#### Records for the task
☆ ☆ ☆ ☆

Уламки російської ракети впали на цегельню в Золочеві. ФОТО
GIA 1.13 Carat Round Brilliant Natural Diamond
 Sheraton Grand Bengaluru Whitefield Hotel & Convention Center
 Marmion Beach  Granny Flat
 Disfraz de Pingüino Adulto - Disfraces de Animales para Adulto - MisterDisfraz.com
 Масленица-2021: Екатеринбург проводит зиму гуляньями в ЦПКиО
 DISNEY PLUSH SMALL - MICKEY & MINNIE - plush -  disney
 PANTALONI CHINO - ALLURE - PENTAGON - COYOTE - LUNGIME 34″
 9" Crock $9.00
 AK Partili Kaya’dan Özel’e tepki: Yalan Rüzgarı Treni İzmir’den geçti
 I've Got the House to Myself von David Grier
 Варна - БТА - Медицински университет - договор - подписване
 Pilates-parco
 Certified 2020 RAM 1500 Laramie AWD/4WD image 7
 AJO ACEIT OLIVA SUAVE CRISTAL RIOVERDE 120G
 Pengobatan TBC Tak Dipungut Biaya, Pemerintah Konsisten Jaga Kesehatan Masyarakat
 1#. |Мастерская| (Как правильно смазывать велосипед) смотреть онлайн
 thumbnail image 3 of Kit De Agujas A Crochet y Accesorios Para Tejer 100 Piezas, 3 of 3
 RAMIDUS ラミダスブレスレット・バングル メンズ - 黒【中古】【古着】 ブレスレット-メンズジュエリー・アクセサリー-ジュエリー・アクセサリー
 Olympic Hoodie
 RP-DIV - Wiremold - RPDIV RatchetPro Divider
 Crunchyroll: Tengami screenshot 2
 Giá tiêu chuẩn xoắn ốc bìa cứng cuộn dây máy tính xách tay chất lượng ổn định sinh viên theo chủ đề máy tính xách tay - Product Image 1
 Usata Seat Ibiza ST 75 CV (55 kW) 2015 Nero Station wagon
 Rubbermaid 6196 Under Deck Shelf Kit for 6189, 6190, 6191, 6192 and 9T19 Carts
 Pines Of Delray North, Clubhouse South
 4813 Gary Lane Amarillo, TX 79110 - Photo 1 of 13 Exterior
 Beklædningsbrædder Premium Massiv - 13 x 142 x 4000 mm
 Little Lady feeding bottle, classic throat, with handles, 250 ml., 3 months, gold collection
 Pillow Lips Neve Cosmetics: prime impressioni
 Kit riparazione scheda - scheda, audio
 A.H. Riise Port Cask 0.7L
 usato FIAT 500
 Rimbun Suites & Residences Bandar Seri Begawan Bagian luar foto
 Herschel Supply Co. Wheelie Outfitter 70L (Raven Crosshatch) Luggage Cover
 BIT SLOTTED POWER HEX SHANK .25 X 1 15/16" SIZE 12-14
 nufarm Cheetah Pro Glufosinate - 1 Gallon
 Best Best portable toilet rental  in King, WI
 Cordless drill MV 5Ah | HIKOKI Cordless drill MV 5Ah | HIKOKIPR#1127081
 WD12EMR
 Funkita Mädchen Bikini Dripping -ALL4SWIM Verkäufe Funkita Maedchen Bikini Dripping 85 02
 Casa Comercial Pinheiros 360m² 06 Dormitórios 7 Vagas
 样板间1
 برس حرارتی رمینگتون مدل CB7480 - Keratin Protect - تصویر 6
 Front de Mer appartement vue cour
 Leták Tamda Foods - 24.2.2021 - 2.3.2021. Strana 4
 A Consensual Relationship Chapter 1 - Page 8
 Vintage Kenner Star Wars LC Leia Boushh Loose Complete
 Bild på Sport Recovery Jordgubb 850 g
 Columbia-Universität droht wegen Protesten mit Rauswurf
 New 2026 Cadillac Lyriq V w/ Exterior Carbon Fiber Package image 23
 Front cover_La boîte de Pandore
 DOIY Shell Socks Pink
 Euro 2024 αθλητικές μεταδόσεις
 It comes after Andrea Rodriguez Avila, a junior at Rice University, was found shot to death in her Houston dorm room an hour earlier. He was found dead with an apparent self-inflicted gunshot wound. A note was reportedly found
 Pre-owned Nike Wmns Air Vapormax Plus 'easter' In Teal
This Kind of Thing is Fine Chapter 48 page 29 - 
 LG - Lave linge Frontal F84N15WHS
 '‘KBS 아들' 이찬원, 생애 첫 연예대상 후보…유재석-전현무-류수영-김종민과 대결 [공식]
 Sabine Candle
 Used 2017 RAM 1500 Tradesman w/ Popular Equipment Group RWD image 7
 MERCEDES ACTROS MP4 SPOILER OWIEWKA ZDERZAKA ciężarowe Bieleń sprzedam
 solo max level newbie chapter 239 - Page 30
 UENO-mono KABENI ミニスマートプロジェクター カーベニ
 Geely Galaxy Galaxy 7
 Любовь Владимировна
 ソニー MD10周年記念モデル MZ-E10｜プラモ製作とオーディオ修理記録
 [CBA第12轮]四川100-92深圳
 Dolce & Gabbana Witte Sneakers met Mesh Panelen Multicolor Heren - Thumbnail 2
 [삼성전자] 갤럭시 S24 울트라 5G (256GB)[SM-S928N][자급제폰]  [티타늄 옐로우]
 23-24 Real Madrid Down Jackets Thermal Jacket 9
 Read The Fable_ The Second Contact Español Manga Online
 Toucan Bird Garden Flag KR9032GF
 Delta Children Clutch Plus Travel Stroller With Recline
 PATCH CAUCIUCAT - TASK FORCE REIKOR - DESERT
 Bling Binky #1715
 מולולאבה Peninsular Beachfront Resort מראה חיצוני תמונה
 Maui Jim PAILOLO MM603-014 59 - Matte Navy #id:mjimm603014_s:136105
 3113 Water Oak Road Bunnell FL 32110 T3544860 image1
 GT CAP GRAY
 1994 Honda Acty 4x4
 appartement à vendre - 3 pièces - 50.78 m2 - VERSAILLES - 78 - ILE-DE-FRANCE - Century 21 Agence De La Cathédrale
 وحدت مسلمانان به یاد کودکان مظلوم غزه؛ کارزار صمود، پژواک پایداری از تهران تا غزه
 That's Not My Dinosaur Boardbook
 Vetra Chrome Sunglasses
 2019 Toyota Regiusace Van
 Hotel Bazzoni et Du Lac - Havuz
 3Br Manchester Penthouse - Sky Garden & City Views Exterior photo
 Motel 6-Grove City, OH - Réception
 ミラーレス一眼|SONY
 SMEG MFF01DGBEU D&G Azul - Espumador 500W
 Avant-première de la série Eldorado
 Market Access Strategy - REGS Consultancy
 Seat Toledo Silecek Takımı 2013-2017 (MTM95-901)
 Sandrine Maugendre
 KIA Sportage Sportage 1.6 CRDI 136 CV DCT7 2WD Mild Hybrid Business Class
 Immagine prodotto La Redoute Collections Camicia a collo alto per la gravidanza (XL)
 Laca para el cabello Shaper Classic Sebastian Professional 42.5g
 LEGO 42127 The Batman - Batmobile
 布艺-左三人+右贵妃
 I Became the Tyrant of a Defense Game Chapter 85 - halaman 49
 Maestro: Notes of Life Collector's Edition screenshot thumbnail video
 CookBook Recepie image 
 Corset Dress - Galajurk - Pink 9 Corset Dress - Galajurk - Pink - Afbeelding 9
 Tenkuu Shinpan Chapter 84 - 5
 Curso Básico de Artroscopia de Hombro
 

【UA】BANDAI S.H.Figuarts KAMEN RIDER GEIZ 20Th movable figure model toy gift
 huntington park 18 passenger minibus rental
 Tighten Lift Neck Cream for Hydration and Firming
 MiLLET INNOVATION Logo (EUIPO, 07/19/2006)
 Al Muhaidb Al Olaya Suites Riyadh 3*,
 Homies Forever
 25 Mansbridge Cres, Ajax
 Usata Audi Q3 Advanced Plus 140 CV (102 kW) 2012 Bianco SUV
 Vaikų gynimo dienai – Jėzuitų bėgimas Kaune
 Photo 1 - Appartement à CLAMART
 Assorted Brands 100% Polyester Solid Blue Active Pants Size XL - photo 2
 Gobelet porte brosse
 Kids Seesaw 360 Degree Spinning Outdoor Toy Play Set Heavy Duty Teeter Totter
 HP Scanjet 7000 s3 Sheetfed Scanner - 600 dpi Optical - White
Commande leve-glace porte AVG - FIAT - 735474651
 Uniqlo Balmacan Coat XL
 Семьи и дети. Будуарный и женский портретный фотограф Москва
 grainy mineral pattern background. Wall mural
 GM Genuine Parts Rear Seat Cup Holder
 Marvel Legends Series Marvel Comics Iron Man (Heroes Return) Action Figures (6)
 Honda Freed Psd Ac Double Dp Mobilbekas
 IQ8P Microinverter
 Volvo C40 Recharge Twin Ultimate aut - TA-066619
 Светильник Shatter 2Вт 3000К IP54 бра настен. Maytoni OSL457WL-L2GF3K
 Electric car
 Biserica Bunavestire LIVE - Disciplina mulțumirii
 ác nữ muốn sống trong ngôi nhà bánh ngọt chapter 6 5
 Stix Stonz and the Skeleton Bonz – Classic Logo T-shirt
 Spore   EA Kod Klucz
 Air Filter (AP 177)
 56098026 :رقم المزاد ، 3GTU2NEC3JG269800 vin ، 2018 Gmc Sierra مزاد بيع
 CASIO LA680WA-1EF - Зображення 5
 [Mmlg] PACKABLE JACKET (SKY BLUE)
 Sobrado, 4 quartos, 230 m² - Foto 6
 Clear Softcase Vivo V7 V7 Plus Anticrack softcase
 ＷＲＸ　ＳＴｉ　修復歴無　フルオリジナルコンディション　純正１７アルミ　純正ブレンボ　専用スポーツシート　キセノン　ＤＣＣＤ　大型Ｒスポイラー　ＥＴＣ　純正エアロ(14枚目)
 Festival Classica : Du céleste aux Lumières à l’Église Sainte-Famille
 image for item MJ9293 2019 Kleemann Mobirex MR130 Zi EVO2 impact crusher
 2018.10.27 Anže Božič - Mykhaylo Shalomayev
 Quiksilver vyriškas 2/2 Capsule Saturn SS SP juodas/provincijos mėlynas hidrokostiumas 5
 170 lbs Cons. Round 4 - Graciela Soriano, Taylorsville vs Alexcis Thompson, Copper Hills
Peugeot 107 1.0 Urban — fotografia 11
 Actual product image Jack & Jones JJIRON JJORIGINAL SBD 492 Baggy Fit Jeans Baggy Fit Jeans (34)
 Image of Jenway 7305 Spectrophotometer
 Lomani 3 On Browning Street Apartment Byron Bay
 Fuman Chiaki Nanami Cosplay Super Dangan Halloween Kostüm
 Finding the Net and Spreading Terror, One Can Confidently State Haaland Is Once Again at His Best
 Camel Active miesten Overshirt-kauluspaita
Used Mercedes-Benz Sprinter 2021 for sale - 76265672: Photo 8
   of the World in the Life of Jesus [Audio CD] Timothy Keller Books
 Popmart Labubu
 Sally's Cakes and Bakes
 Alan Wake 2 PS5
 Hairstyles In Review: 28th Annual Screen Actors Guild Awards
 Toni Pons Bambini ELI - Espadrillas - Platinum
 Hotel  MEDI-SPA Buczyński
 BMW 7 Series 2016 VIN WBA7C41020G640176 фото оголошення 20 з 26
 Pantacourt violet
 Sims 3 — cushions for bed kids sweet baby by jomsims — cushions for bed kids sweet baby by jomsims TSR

☆ ☆ ☆ ☆

#### Exercise instructions
Within the data, how many lines hold the string "Garden"? Answer with the number and nothing more.

#### Exercise output
2